If you’re unclear on the difference between Strategy and Tactics, here are a couple of quick ‘rules of thumb’:-

·         They operate on different schedules - strategy is an occasional activity whereas tactical planning is ongoing
·         Strategy focuses on the problem you’re trying to solve and the best possible direction of travel to solve it
·         Strategy also focuses on who you’re talking to (your priority audiences) and what you need to say to influence them (how their needs compare to the product you’re selling)
·         Tactics are much more focused on how you’ll engage your audience and also when & where

Planning and the race to the bottom


In 1911, British explorer Robert Falcon Scott and Norwegian explorer Roald Amundsen went head to head for the honour of being the first man to reach the South Pole. It proved to be a dramatic journey for both of them – ending in victory for Amundsen and tragedy for Scott.

They set off within days of each other. Scott with experience on his side – he’d attempted to reach the South Pole before but had been forced to turn back due to the sub-zero conditions. It was always Scott’s intention to return and, with the support of the British Admiralty and the government, he secured a grant of £20,000. Scott recruited men from his previous voyage and from Ernest Shackleton’s ship Nimrod, which had recently returned from the Antarctic.

Amundsen was a respected explorer and was determined to beat the Brits. He had been preparing for years and kept his plans secret. Amundsen had undergone an intensive and long-term fitness regime, including travelling from Norway to Spain by bicycle. He planned for extreme scenarios and his studies of the Inuit people yielded actionable insights, such as the need to move slowly in cold conditions so sweat wouldn’t form inside your clothing and turn to ice.

Amundsen had also learned that dogs can thrive in sub-zero conditions and spent time with the Inuits in northern Canada learning to dogsled. Meanwhile, Scott travelled with a team of ponies, which were entirely unsuited to the sub-zero conditions, and also motor sledges, which were untested and quickly failed. The Amundsen party ran their teams of dogs to the pole and back, while Scott’s team pulled their sledges themselves – the Brits faced the tortuous journey with stoicism and dignity, but moved far more slowly and exhausted themselves in the process.

Amundsen laid down emergency supply caches along the route and marked them with highly-visible black flags. The Norwegians stored three tons of supplies for five men. In contrast, Scott stored one ton for 17 men. Amundsen insisted on carrying extra supplies in case they missed every one of his supply caches, so that they could still complete the journey.
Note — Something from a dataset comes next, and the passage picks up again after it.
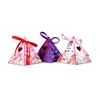 Zuoluo new product drawer paper gift box for candy&chocolate packing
Amundsen also brought four thermometers. Scott brought just the one, which soon broke. While both men knew there was no way to mitigate all of the risks involved, the Norwegian stress-tested his plans and prepared for the worst. In contrast, Scott appears to have been more reliant on good fortune and one of his final diary entries complains about bad luck.

On 15 December 1911, Amundsen and his team planted the Norwegian flag at the South Pole having reached it reached it on the day they’d planned. At that time, Scott’s expedition was still 360 miles away. Weak from exhaustion, hunger and extreme cold, Scott’s last diary entry is dated 29 March 1912. Sadly, he died in his tent along with two of his men.

It’s a tragic tale, but also a cautionary one especially for those of us starting to consider what next year’s plan looks like. We must remember to start with the problem we’re trying to solve and exploring the best direction of travel before prioritising tactical activities and allocating budgets.